RickBarber- Have you ever found someone to turn the lidded basswood bowl for you?

https://www.lumberjocks.com/projects/398425


----------



## RickBarber (May 26, 2019)

No I have not. Do you have a person that can do it?


----------



## RickBarber (May 26, 2019)

And by the way, your carving is awesome.


----------



## Phil32 (Aug 31, 2018)

> And by the way, your carving is awesome.
> 
> - RickBarber


Thanks - It's not a lidded jar, but I have made some in the past. I'm currently trying to finish a woodcarving, but there should be some active woodturner out there - that just might happen upon this discussion. . .


----------



## ibewjon (Oct 2, 2010)

Proto type. 1st time turning basswood. Probably a little smaller than you need/want. 4 3/4 high for bottom, 1 3/4 high for lid. 5 1/4 od. Is this heading down the correct path?


----------



## RickBarber (May 26, 2019)

Yes that is the right direction. It looks great.


----------



## ibewjon (Oct 2, 2010)

Did you glue up a larger blank? 6" was the biggest width I could get, if I get to owl hardwood they may have wider. 8"-10"would fit the bill.


----------



## ibewjon (Oct 2, 2010)

Owl has 10" wide, but only stocks 16/4, 4" thick. No large turning blanks.


----------



## RickBarber (May 26, 2019)

I have not yet. But I did talk to Kirtland sawmill a while back that they had 8 wide by 4 thick. I will call them again today and see if they still have it. That could make an 8 inch blank and they also said they have 8 by 2 that would work for a lid. I will get back to you soon.

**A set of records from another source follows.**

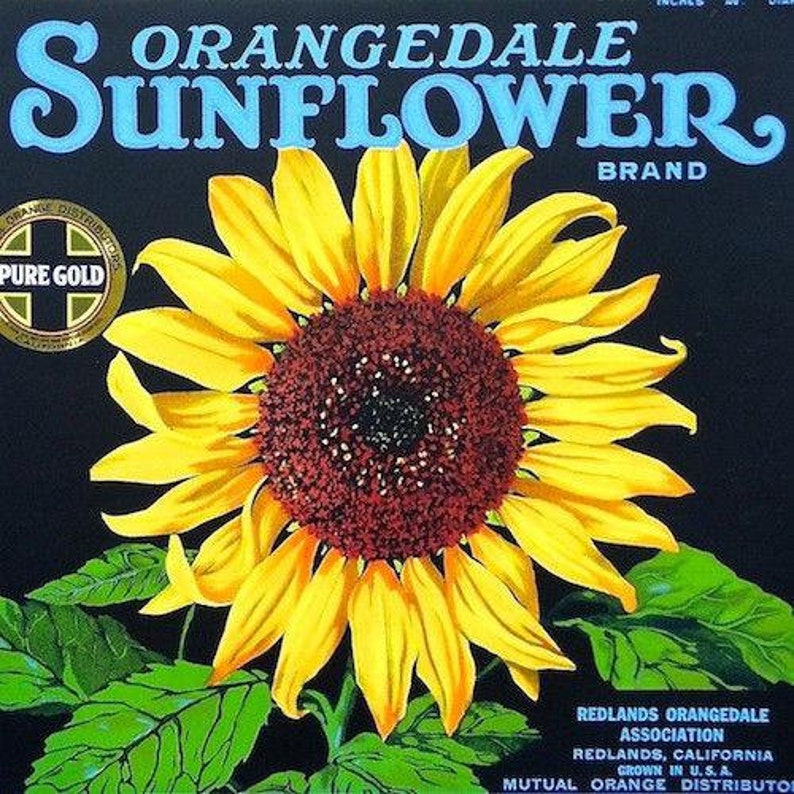 Vintage Original SUNFLOWER ORANGEDALE Citrus Crate Box Label 1920s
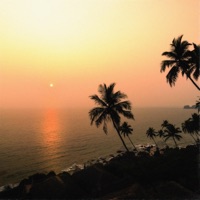 Sunshine - Single - Another One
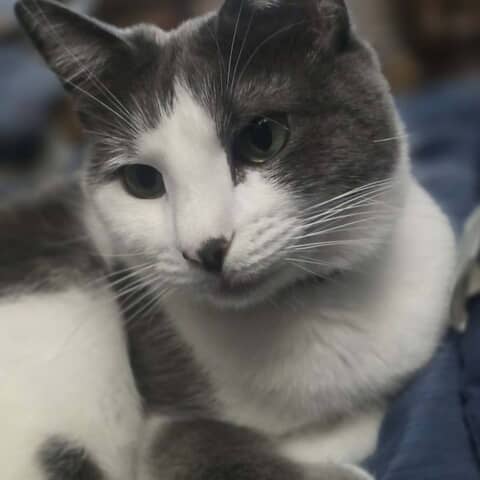 Lily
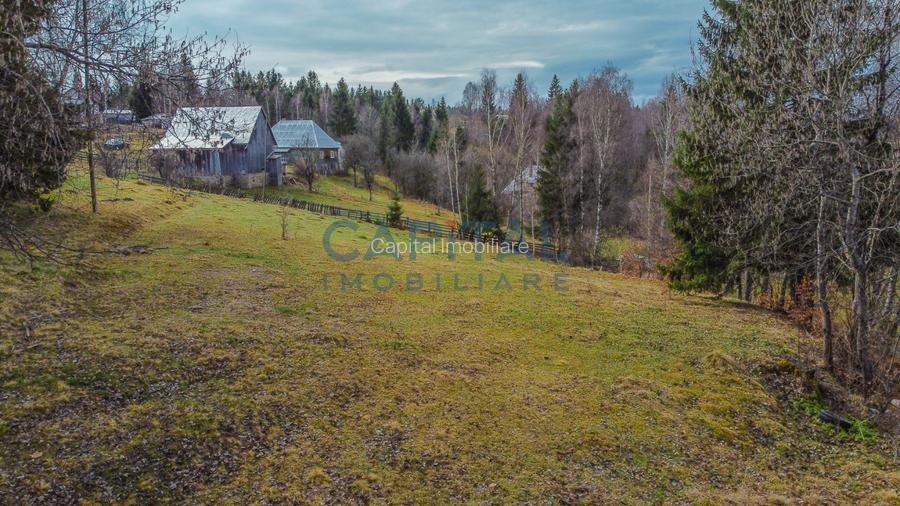 Teren constructie CABANA/CASA,  2980 MP cu utilitati, Dealu Negru, Calatele - 4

Did I say thank you for your effort yet? If not then thank you very much.
Rick


----------



## RickBarber (May 26, 2019)

The blank is not quite f inches thick. But I can get 8 feet of it. So I will head over they Wednesday. Im not going out in a show store. And the mill is 5 miles west of me. I will make the glue up and we will be all set!!!


----------